Tuesday, February 13, 2007

food

My relationship with food has been undergoing a strange and worrying transformation.

I find whole canned tomatoes the saddest thing on earth. Just writing about them now makes tears come to my eyes. Opening a can always makes me cry. They look so destitute, so defenceless, lying in their own juices, far from home, just waiting to be eaten. What was it like for them when they were still on the mother plant? Did they have dreams? Did they aspire to become something more than simply sad whole canned tomatoes in thick juice?

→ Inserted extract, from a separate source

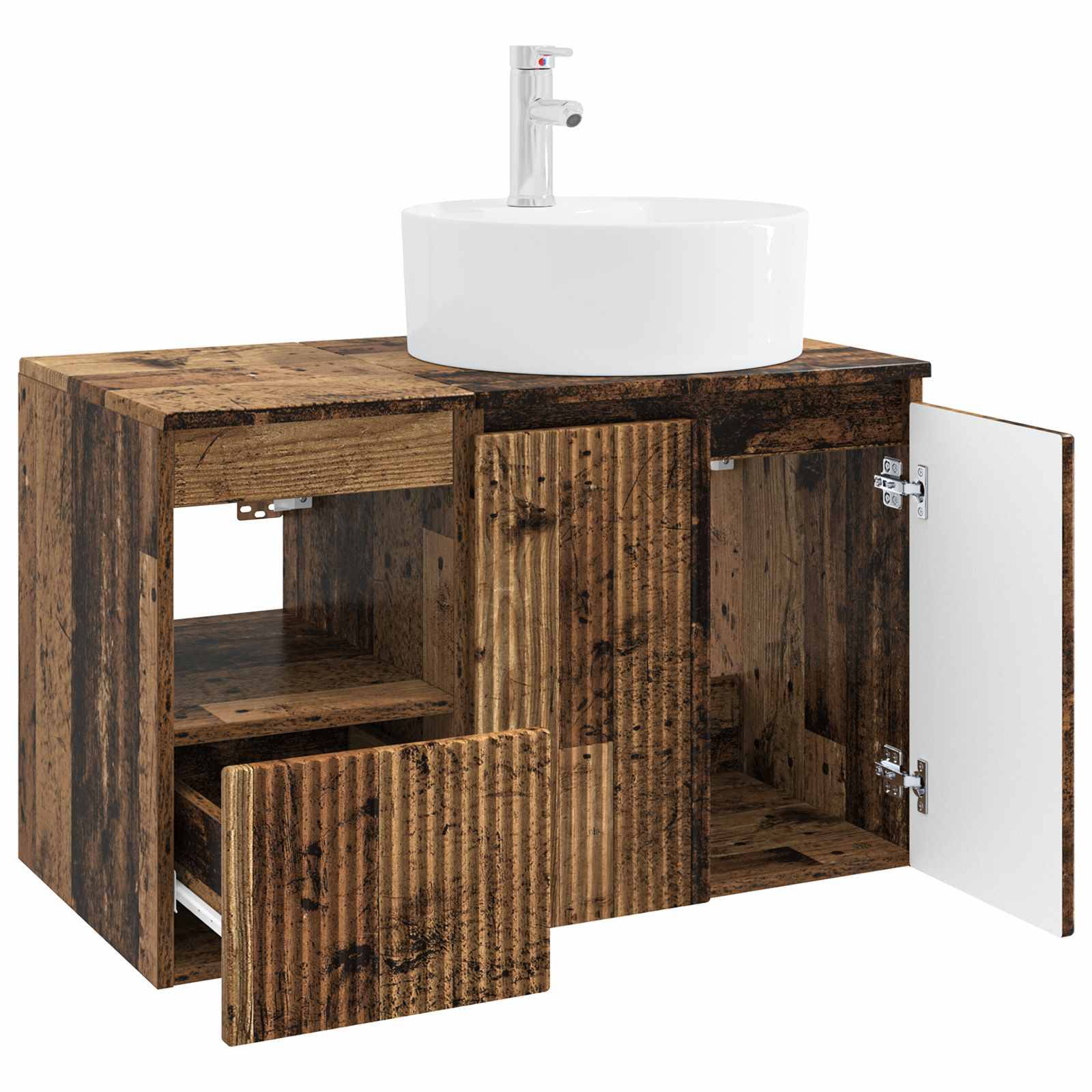 Rustikale Holzwaschtischschrank im Badezimmer mit weißem Aufsatzwaschbecken und offenen Schranktüren, die Innenregale und Stauraum zeigen.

Also, I have noticed that I like toast that is slightly charred. The smell reminds me of my grandmother's kitchen when I was young. My grandmother had toast in the afternoon with tea. They made it on the huge cream soda milkshake green enamel coal stove, on a little wire rack. She did not like her toast charred. Once, much later, when she was living with us in our house, far, far away from the farm, a maid charred the toast as she made it in my grandmother's eccentric electric toaster. The toaster stood upright and had a hinged door on either side that opened from top to bottom, so that when the door was open it was level with the floor. The little bakelite knobs that you opened the doors heated up as the toaster did, so you always ended up burning your fingers. Of course the maid charred the toast, because the toaster was not automatic and you had to be very careful about the timing. My grandmother said “damn it”, and when the maid asked her why she had said that, said that she had bumped her knee. But I knew otherwise.

But I digress... to get back to my relationship with food: food is becoming more of a spiritual thing than a purely physical thing. I find comfort in food. When I am depressed, I eat. When I am lonely, I eat. When I am scared or angry or sick, I eat.

Which is why I am gaining weight at an alarming rate. Gym doesn't seem to help anymore. That might be because the one and I stopped going to gym again.